Action item —
Your answer must be an exact copy of the records below, with no pictures in it.

Stored items
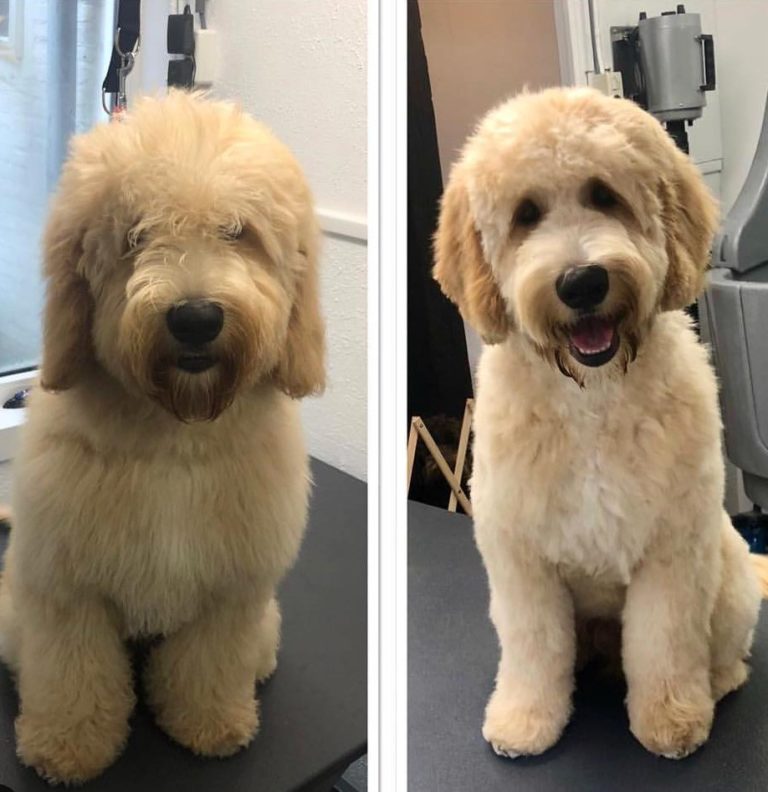 Labradoodle Grooming Guide (2024) - Lots of pictures! - We Love Doodles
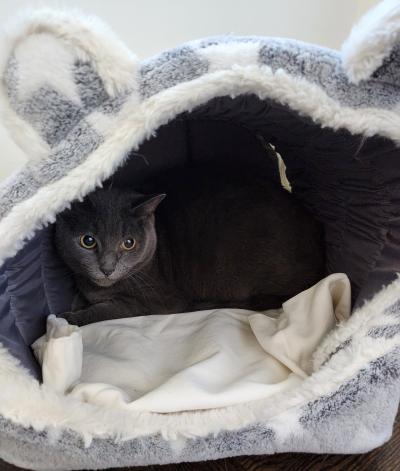 Smokey the cat in an enclosed cat bed
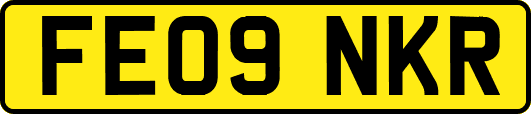 FE09NKR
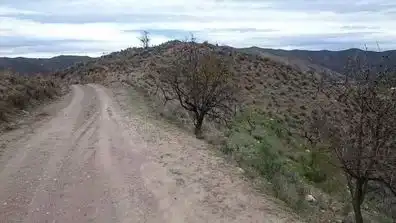 Lands and plots for sale in Cantoria, imagen 2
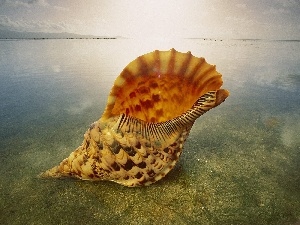 shell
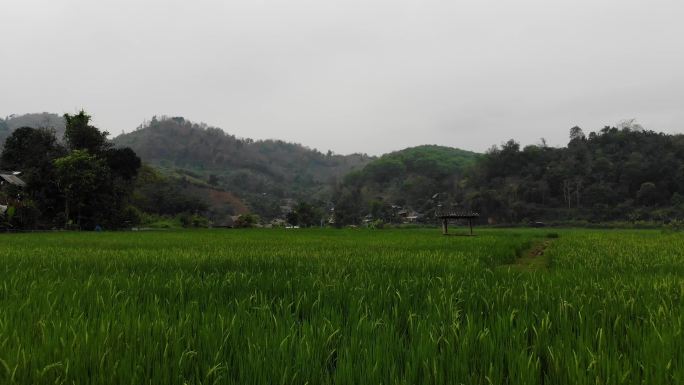 泰国美丽稻田农场乡村田野
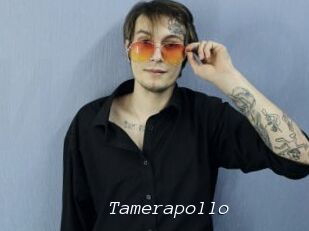 Tamerapollo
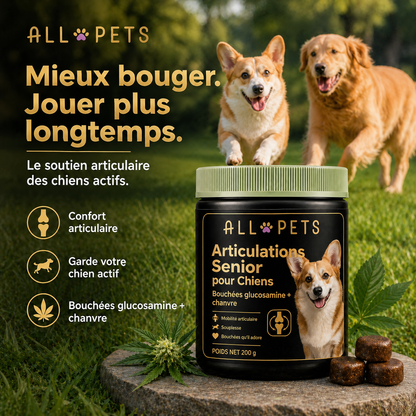Mieux bouger, jouer plus longtemps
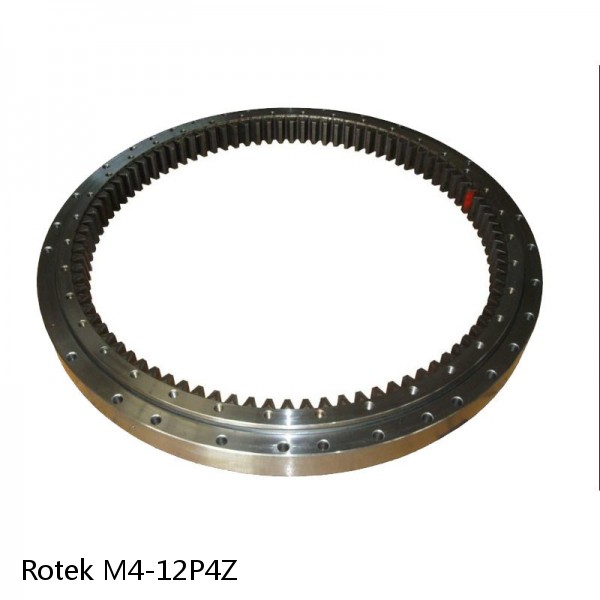 M4-12P4Z Rotek Slewing Ring Bearings #1 small image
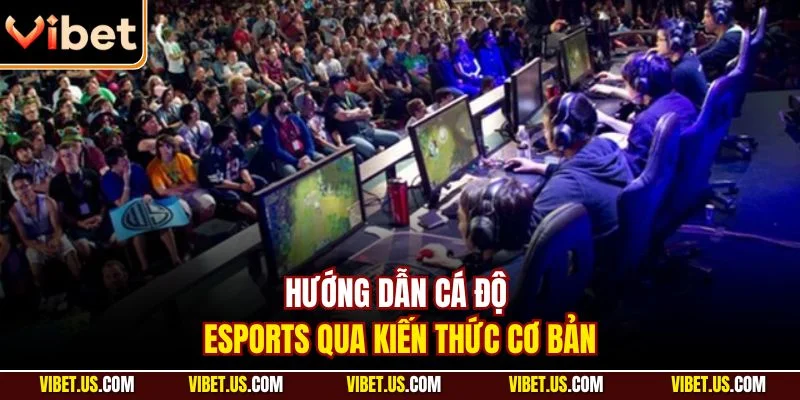 Hướng dẫn cá độ Esports qua kiến thức cơ bản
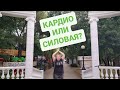 КАРДИО И СИЛОВАЯ ТРЕНИРОВКА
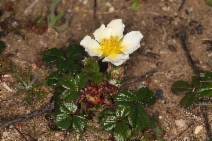 Fragaria chiloensis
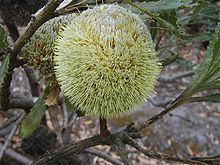 Banksia laevigata subsp. laevigata httpsuploadwikimediaorgwikipediacommonsthu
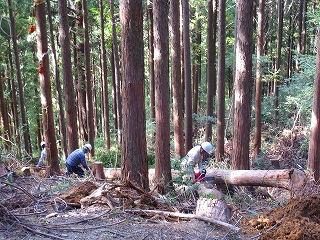 e0002820_2342422.jpg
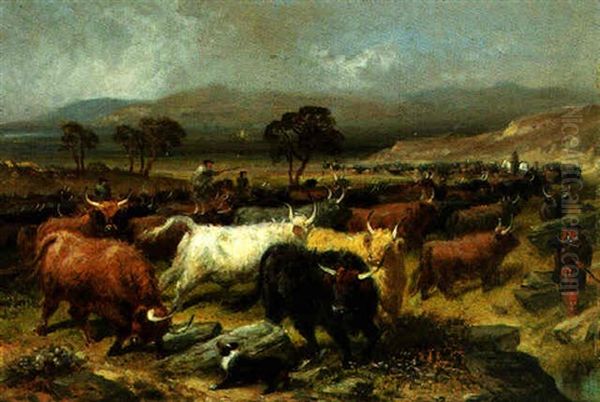 Collecting Cattle For The Fair In The Highlands Oil Painting by Aster R. Chantrey Corbould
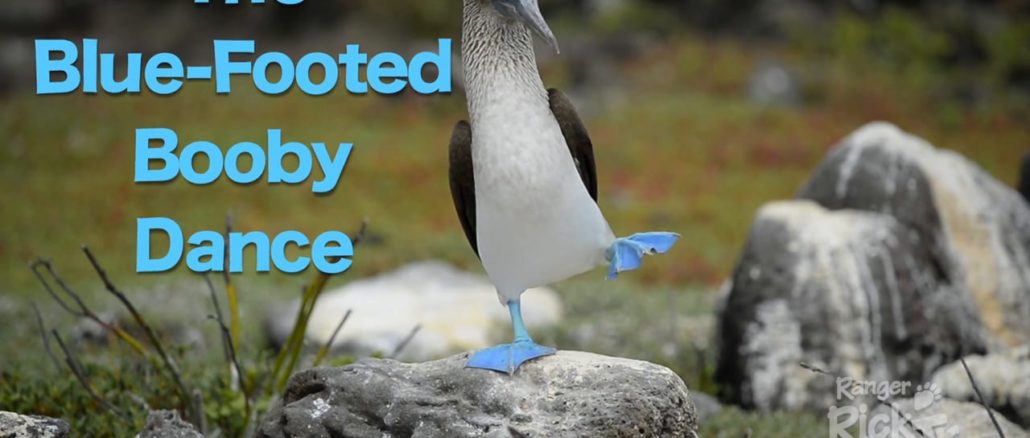 Blue-footed booby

Solved exercise —
 Labradoodle Grooming Guide (2024) - Lots of pictures! - We Love Doodles
 Smokey the cat in an enclosed cat bed
 FE09NKR
 Lands and plots for sale in Cantoria, imagen 2
 shell
 泰国美丽稻田农场乡村田野
 Tamerapollo
Mieux bouger, jouer plus longtemps
 M4-12P4Z Rotek Slewing Ring Bearings #1 small image
 Hướng dẫn cá độ Esports qua kiến thức cơ bản
 КАРДИО И СИЛОВАЯ ТРЕНИРОВКА
 Fragaria chiloensis
 Banksia laevigata subsp. laevigata httpsuploadwikimediaorgwikipediacommonsthu
 e0002820_2342422.jpg
 Collecting Cattle For The Fair In The Highlands Oil Painting by Aster R. Chantrey Corbould
 Blue-footed booby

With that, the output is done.